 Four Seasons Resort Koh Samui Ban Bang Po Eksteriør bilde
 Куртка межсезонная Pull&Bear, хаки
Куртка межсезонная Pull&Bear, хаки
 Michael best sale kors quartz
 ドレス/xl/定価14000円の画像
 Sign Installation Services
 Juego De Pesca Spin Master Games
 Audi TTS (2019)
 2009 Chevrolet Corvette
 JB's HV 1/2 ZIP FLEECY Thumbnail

* * *

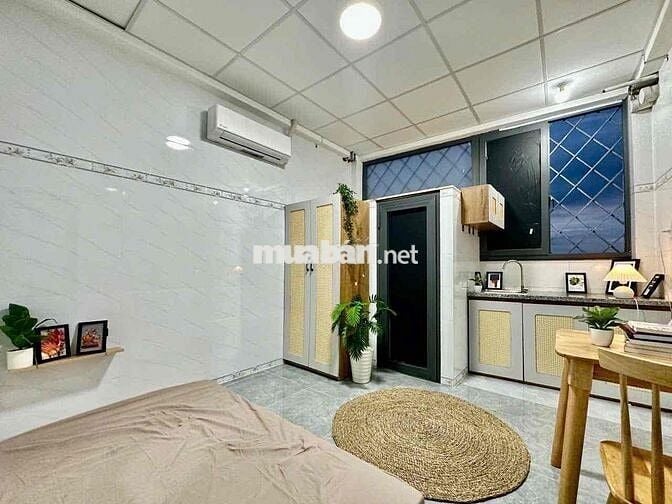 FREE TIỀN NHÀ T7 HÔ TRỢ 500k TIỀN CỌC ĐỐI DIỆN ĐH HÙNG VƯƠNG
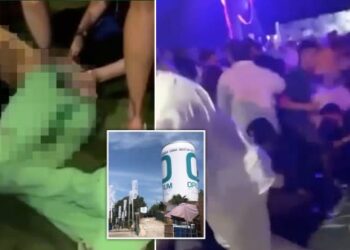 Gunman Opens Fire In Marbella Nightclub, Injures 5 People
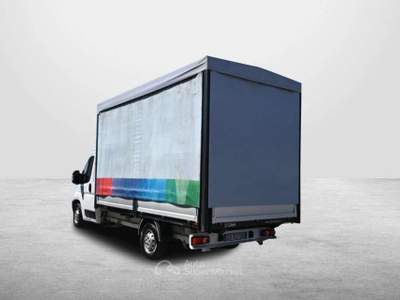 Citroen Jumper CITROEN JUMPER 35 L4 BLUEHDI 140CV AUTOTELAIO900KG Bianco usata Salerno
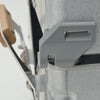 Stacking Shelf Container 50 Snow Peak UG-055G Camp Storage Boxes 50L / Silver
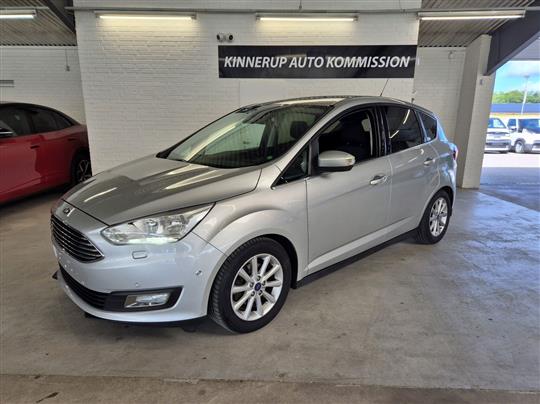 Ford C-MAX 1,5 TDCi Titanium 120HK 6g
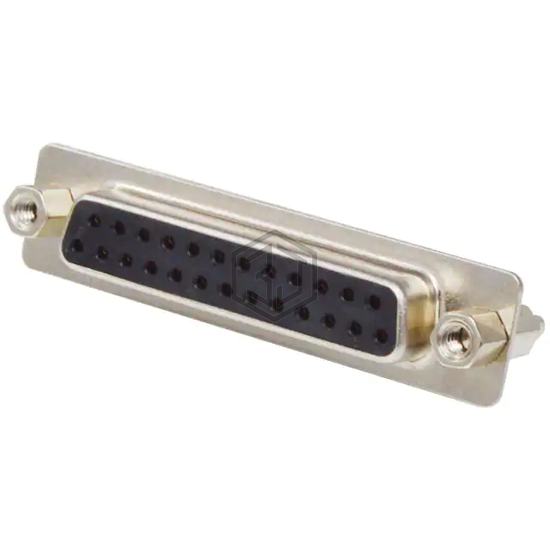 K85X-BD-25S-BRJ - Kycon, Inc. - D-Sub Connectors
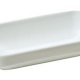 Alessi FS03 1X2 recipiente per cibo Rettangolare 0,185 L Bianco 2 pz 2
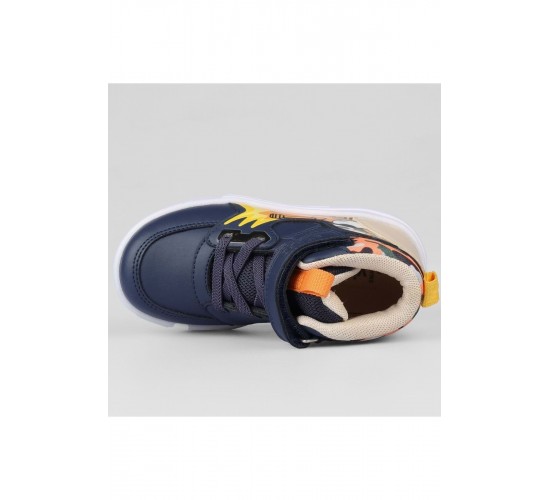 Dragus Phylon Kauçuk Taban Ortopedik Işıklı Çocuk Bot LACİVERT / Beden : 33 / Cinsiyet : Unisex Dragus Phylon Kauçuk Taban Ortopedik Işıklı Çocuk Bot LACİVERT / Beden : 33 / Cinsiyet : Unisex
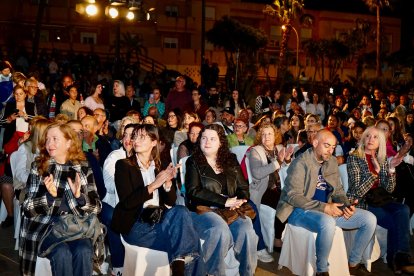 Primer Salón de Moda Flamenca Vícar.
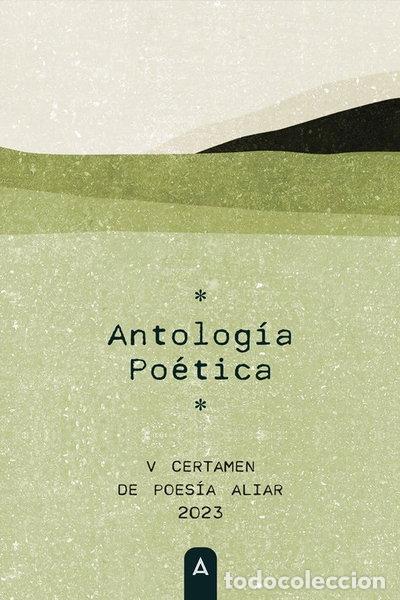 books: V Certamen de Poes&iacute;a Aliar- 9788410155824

---

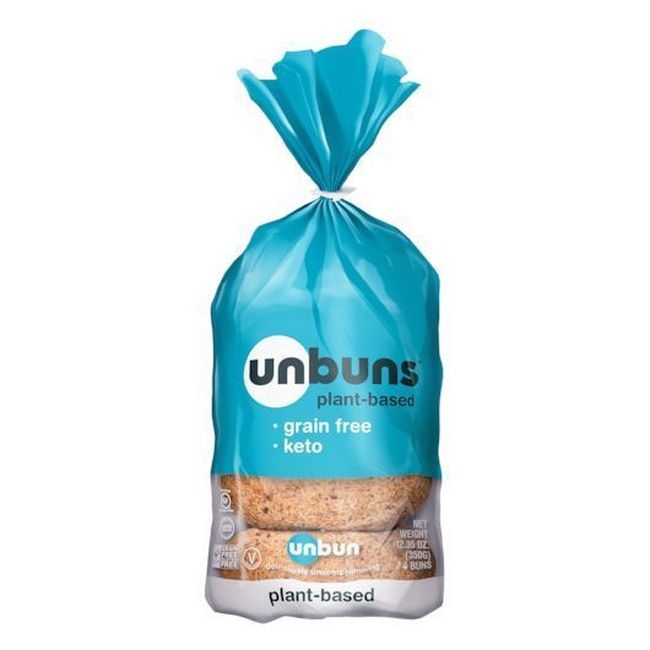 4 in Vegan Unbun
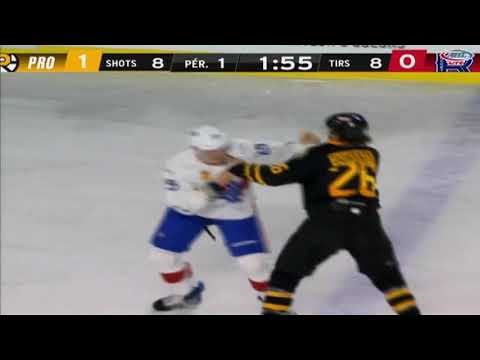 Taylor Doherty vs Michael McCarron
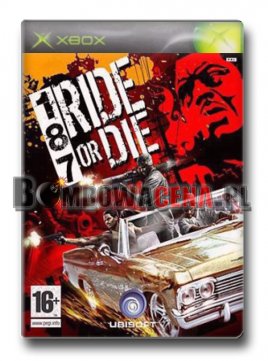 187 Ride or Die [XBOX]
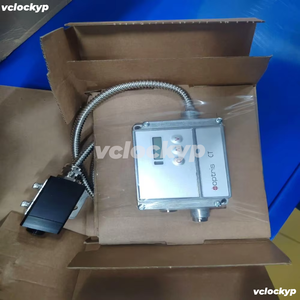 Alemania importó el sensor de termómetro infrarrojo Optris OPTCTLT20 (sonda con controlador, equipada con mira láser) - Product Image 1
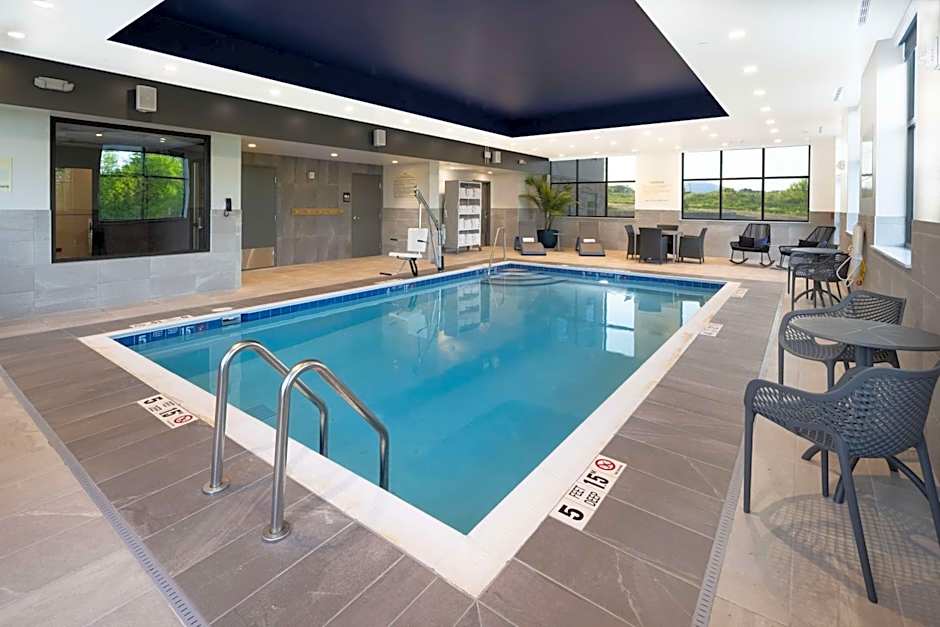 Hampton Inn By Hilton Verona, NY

=== TASK ===
Respond with the exact lines above running from the one containing "Alessi FS03 1X2" to the one containing "books: V Certamen", both ends kept and no pictures included.

=== WRITTEN SOLUTION ===
 Alessi FS03 1X2 recipiente per cibo Rettangolare 0,185 L Bianco 2 pz 2
 Dragus Phylon Kauçuk Taban Ortopedik Işıklı Çocuk Bot LACİVERT / Beden : 33 / Cinsiyet : Unisex Dragus Phylon Kauçuk Taban Ortopedik Işıklı Çocuk Bot LACİVERT / Beden : 33 / Cinsiyet : Unisex
 Primer Salón de Moda Flamenca Vícar.
 books: V Certamen de Poes&iacute;a Aliar- 9788410155824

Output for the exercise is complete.